Director of the General Office of the Central Military Commission
- Incumbent
- Assumed office March 2024
- Preceded by: Zhong Shaojun

Political Commissar of its Southern Theater Command Ground Force
- In office December 2021 – March 2024
- Preceded by: Wang Donghai [zh]
- Succeeded by: Yin Hongxing

Personal details
- Born: August 1966 (age 59) Xiamen, Fujian, China
- Party: Chinese Communist Party
- Alma mater: Nanchang Army Academy PLA National Defence University

Military service
- Allegiance: People's Republic of China
- Branch/service: People's Liberation Army Ground Force
- Years of service: 1985–present
- Rank: Lieutenant general

= Fang Yongxiang =

Chinese general (born 1966)

Fang Yongxiang (方永祥 (Fāng Yǒngxiáng); born August 1966) is a lieutenant general in the People's Liberation Army of China.

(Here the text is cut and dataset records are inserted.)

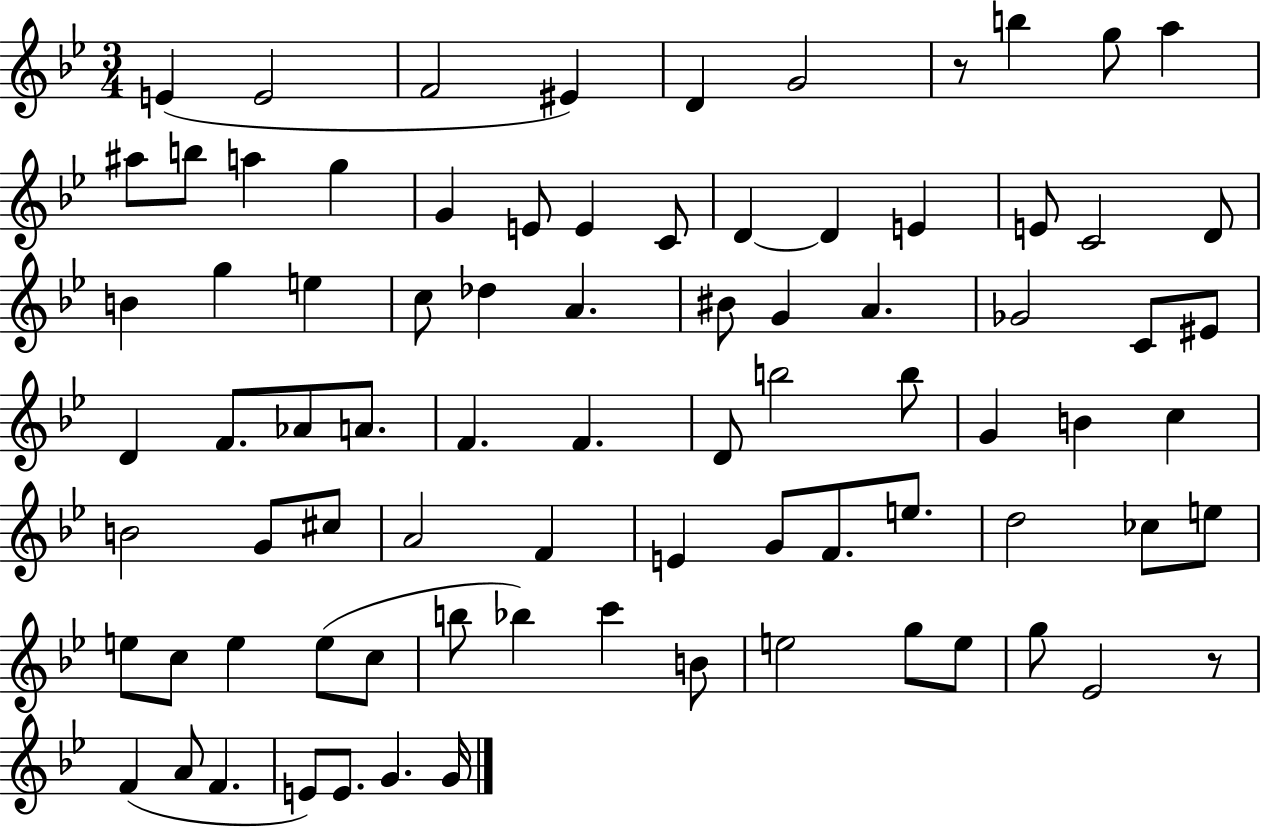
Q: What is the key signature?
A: BES major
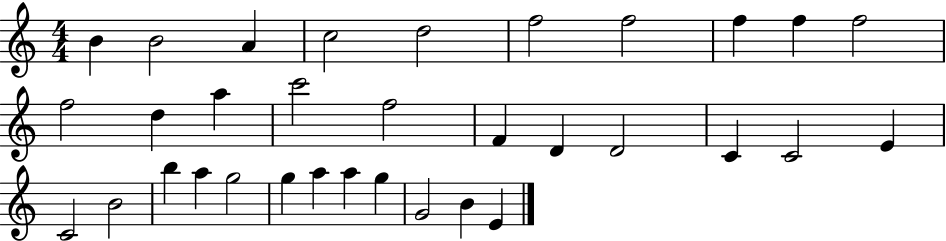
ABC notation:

X:1
T:Untitled
M:4/4
L:1/4
K:C
B B2 A c2 d2 f2 f2 f f f2 f2 d a c'2 f2 F D D2 C C2 E C2 B2 b a g2 g a a g G2 B E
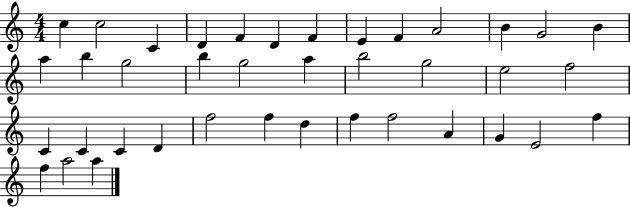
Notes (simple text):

C5/q C5/h C4/q D4/q F4/q D4/q F4/q E4/q F4/q A4/h B4/q G4/h B4/q A5/q B5/q G5/h B5/q G5/h A5/q B5/h G5/h E5/h F5/h C4/q C4/q C4/q D4/q F5/h F5/q D5/q F5/q F5/h A4/q G4/q E4/h F5/q F5/q A5/h A5/q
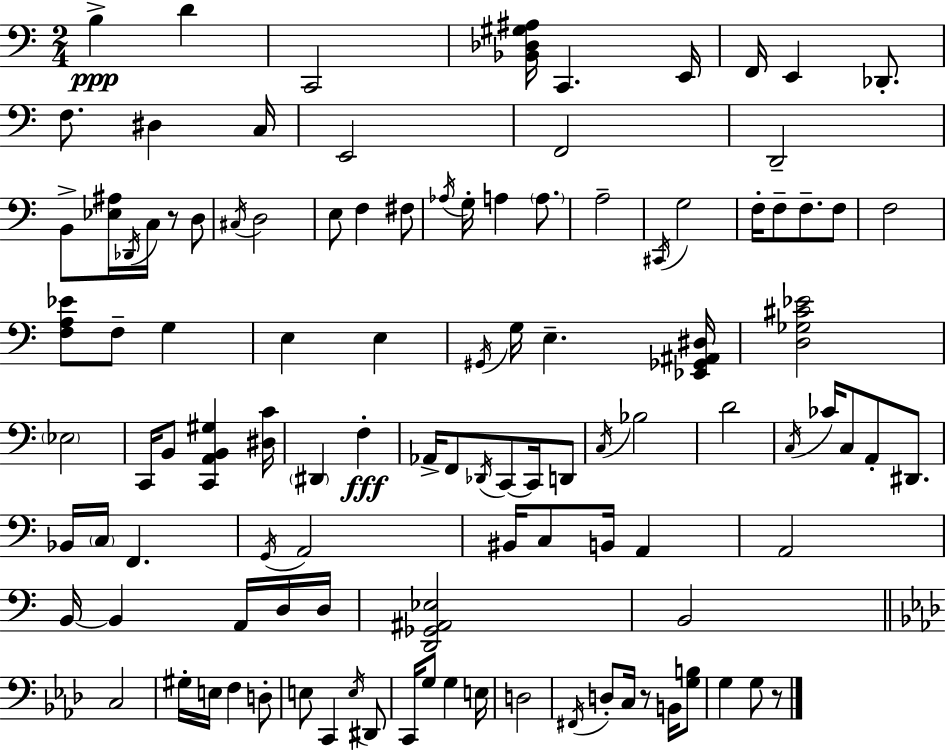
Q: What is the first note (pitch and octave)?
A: B3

He is an alternate of the 20th Central Committee of the Chinese Communist Party.

==Biography==
Fang was born in Xiamen, Fujian, in August 1966, and graduated from Nanchang Army Academy and the PLA National Defence University. He enlisted in the People's Liberation Army (PLA) in September 1985, and joined the Chinese Communist Party (CCP) in September 1986.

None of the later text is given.